Something I never thought would happen just did
Andrew la Fleur is constantly tracking the condo market, looking for trends and spotting opportunities in the data to help condo investors make strategic investments. Recently he has spotted something he says he never thought would happen. Find out what it is and why it represents a huge BUY signal for downtown condo investors.
EPISODE HIGHLIGHTS
1:30 One stat the i look at to understand the direction and temperature of the market.
2:25 The housing market has always been hot.
2:50 Condo market has been strong.
5:00 The average for detached housing.
6:10 Condo prices are gonna keep rising.
9:58 Looking at sales to listings ratio for detached houses.
11:40 On the flip side on the housing market.
12:55 Massive inventory increase.
13:34 Major recession.
13:49 If buyers switch back to houses.
14:58 Conclusion.
Click Here for Episode Transcript
Andrew la Fleur: Something I never thought would happen actually did in the Toronto real estate market. Find out what that is on today’s episode.
Announcer: Welcome to the True Condo’s Podcast with Andrew la Fleur, the place to get the truth on the Toronto condo market and condo investing in Toronto.
Andrew la Fleur: Hi, and welcome back to this show. Thanks for listening. Andrew la Fleur here, once again, and today, we’re talking about statistics numbers. I’ve been looking at this chart that I had my team put together for me all day, and I’m just, I can’t believe what I’m looking at. I just had to share this with you.
You definitely want to go ahead and get a visual on this chart. You can listen to this podcast, but it’s going to work much better if you have the visual in front of you as well, so if you want to head on over to truecondos.com/podcast and pull up this episode and the show notes there, and you’ll have an image there with the chart that I’m talking about.

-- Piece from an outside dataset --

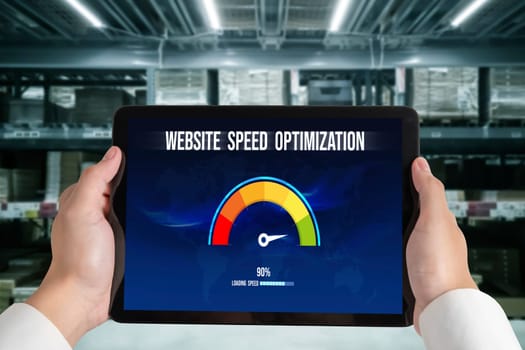 Computer software evaluating website loading speed. Concept of improving website loading speed snugly.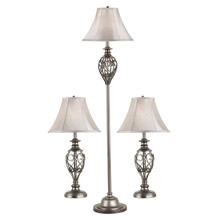 Kenroy Home 80007SIL Cerise Set Of 2 Table Lamps And 1 Floor Lamp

This chart in question is a chart I got my team, as I said, to put together. It’s basically looking at the last several years, and it’s comparing the sales-to-listing ratio for GTA detached houses and the downtown condo market, so downtown condo market versus GTA detached houses and looking at the sales-to-listing ratio.
As I talk about all the time in the podcast, when I’m looking at the market, the one stat that I look at more than any other to understand the direction of the market and the temperature of the market is the sales-to-listing ratio. The sales-to-listing ratio will tell you more, I believe, than anything else.
Another way of speaking about the sales-to-listing ratio or expressing this ratio is through months of inventory. Months of inventory is another way of looking at it, but I prefer the percentage way. It’s a little bit more, I don’t know. It just, it works with me better, but you might look at it as the months of inventory as well. Looking at the sales-to-listing ratio for these two markets over the past several years, going back from the start of 2012 until today, basically, the housing market as we know, low-rise housing in the GTA has been hot forever, basically. It’s always been a hot market. Finding a detached house in particular has always been a difficult task, and bidding wars have been common on that type of property in all across the GTA forever.
On the other hand, condos, although the condo market has been strong, although the condo market is growing, although prices are rising and rents are rising and everything else, relative to the detached, low-rise housing market, it has not been as strong. Well, until recently, that is. Again, this is what I’m getting to, and this is the thing that I never thought would happen has actually happened in our market. It’s actually happened several months ago, but I guess it took, I wanted to see if this trend would hold up, and it has been holding up for going on, I guess, one, two, three, four, five, going on for six or seven months here. This is not a blip. It’s definitely the new reality in the market right now. Is it going to hold up or not, I don’t know, but what I’m talking about is the fact that the sales-to-listing ratio for the downtown condo market is now higher than the sales-to-listing ratio for detached houses in the GTA.
Another way of saying this is that the condo market is a hotter market, a much hotter market than the detached housing market, and this has never been the case. This is a new phenomena we’ve never seen before. The detached housing market has always been at a higher fever pitch compared to the downtown condo market.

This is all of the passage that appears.